Die Regeln stehen in der Form facility.severity Ziel, wobei die angegebene Severity und alles dringendere zutrifft.

Konfiguration ansehen

  • less /etc/rsyslog.conf
  • ls -l /etc/rsyslog.d/

Eigene Regel schreiben

  • vim /etc/rsyslog.d/99-kurs.conf
local3.*                        /var/log/kurs.log
local3.err                      /var/log/kurs-fehler.log
  • systemctl restart rsyslog

Testmeldungen erzeugen:

  • logger -p local3.info "Das ist eine Testmeldung"
  • logger -p local3.err "Das ist ein Testfehler"
  • cat /var/log/kurs.log
  • cat /var/log/kurs-fehler.log

Aufgabe 4

  • Installiere rsyslog auf der Debian-Maschine und sieh nach, welche Dateien jetzt in /var/log entstehen.
  • Lege eine Regel an, die alle Meldungen der Facility local5 nach /var/log/uebung.log schreibt.
  • Erzeuge mit logger je eine Meldung der Severity info, warning und err.
  • Ändere die Regel so, dass nur noch Meldungen ab Severity warning geschrieben werden, und weise nach, dass die info-Meldung nicht mehr ankommt.
  • Suche dieselbe Meldung anschließend im Journal mit journalctl -g. Warum ist sie dort trotzdem zu finden?

logrotate

Textlogs wachsen unbegrenzt – dafür gibt es logrotate, das per Timer einmal täglich läuft.
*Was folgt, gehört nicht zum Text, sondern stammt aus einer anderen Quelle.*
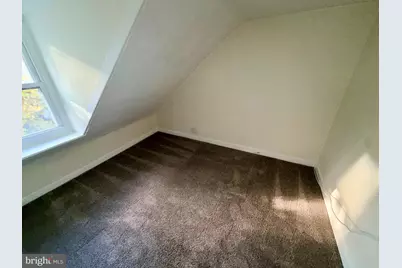 328 Saint Mary Street, Burlington, NJ 08016 - Photo 11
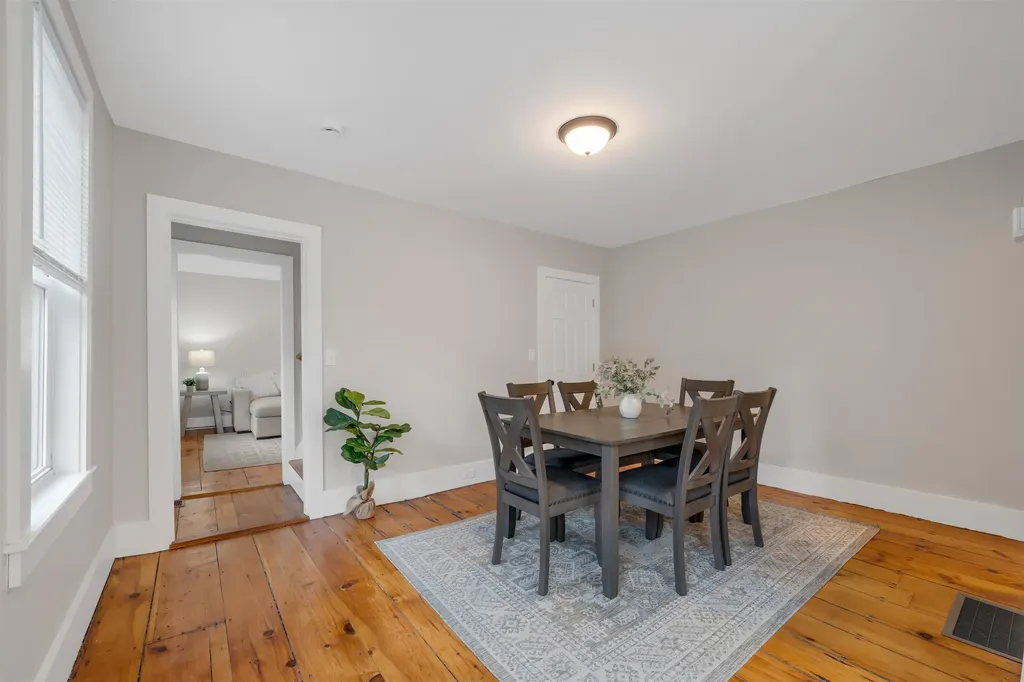 16 Chestnut Street Newburyport MA 01950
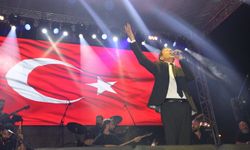 Samsun Asarcık’ta Yürekleri Isıtan Yaz Gecesi! Yıldızdoğan Sahneye Damga Vurdu
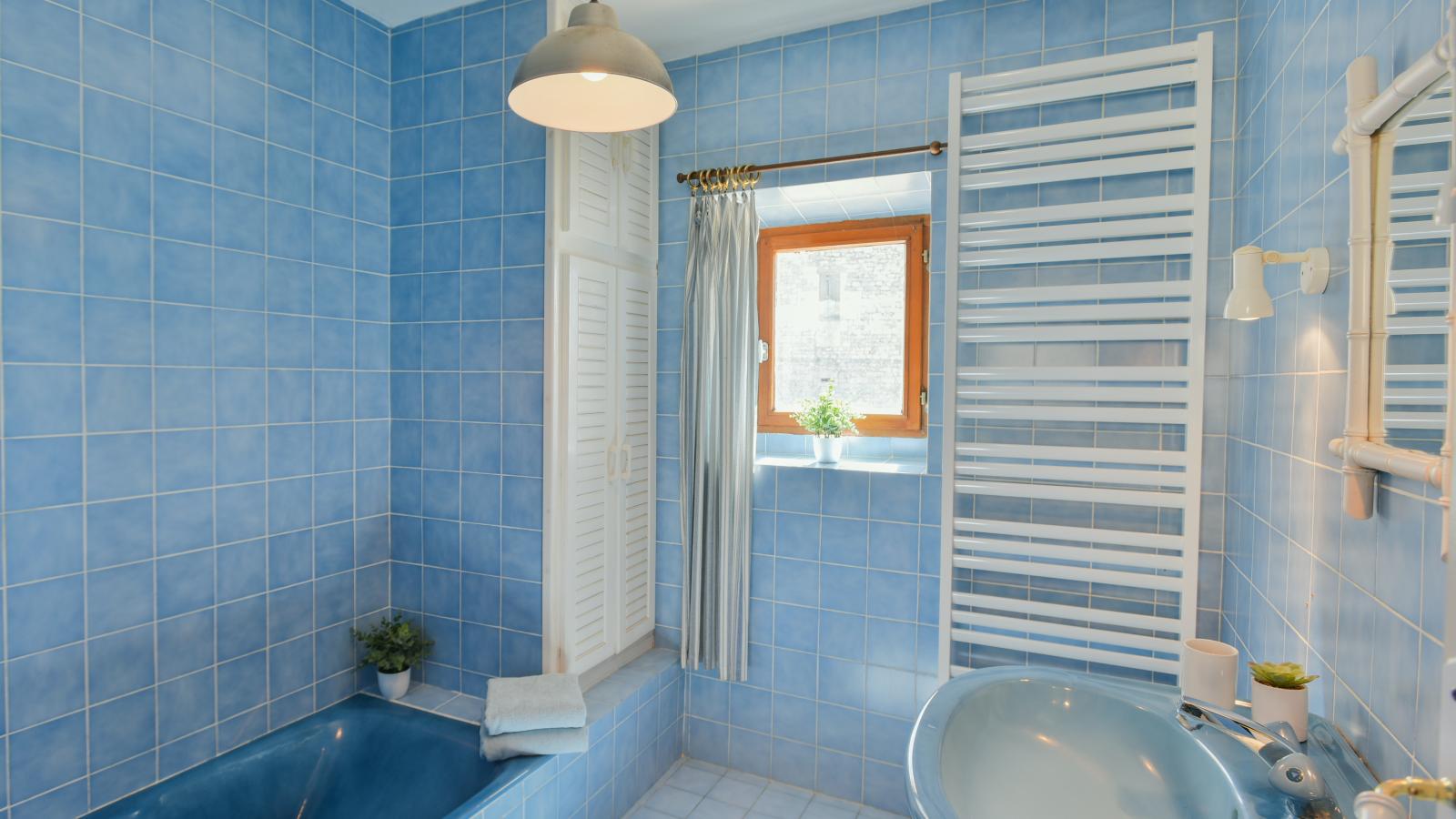 Les Artals-Bathroom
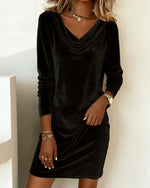 Serena – Luxe, soepelvallende velvet jurk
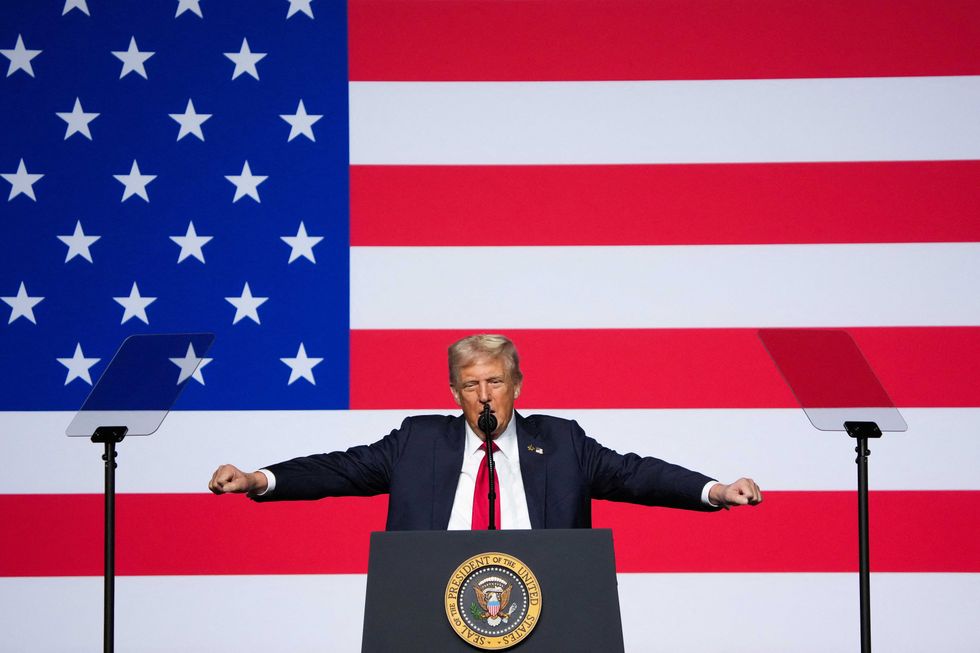 ‘Stopped me cold’: Ex-Trump insider reveals ‘eyebrow-raising’ reason for military meeting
  • systemctl status logrotate.timer
  • cat /etc/logrotate.conf
  • ls -l /etc/logrotate.d/

Eigene Rotation für die selbst angelegte Logdatei:

  • vim /etc/logrotate.d/kurs
/var/log/kurs.log {
    daily
    rotate 7
    compress
    delaycompress
    missingok
    notifempty
    create 0640 root adm
    postrotate
        systemctl kill -s HUP rsyslog.service
    endscript
}

Testlauf ohne Änderungen (Trockenlauf):

  • logrotate -d /etc/logrotate.d/kurs

Rotation erzwingen:

  • logrotate -f /etc/logrotate.d/kurs
  • ls -l /var/log/kurs.log*

Zustand nachsehen:

  • cat /var/lib/logrotate/logrotate.status

Achtung Rocky: Dort lautet die Gruppe der Logdateien root statt adm, die create-Zeile muss angepasst werden.

Aufgabe 5

  • Schreibe eine logrotate-Konfiguration für /var/log/uebung.log aus Aufgabe 4.
  • Es sollen 4 Generationen aufgehoben und komprimiert werden, Rotation wöchentlich oder ab 1 MB.
  • Prüfe die Konfiguration erst im Trockenlauf, rotiere dann von Hand.
  • Erzeuge danach eine neue Meldung und weise nach, dass sie in der neuen Datei landet.

Zentraler Loghost

Der eigentliche Grund, warum rsyslog auch heute noch gebraucht wird: Logs mehrerer Maschinen an einer Stelle sammeln. Im Kurs wird die Rocky-Maschine zum Server und die Debian-Maschine zum Client.

Zentraler Logserver – rsyslog-Konfiguration

Die folgende Konfiguration macht aus einem Rechner einen zentralen Logserver: Er nimmt Syslog-Meldungen anderer Hosts über das Netz entgegen und legt sie pro Host und pro Dienst in einer eigenen Datei ab.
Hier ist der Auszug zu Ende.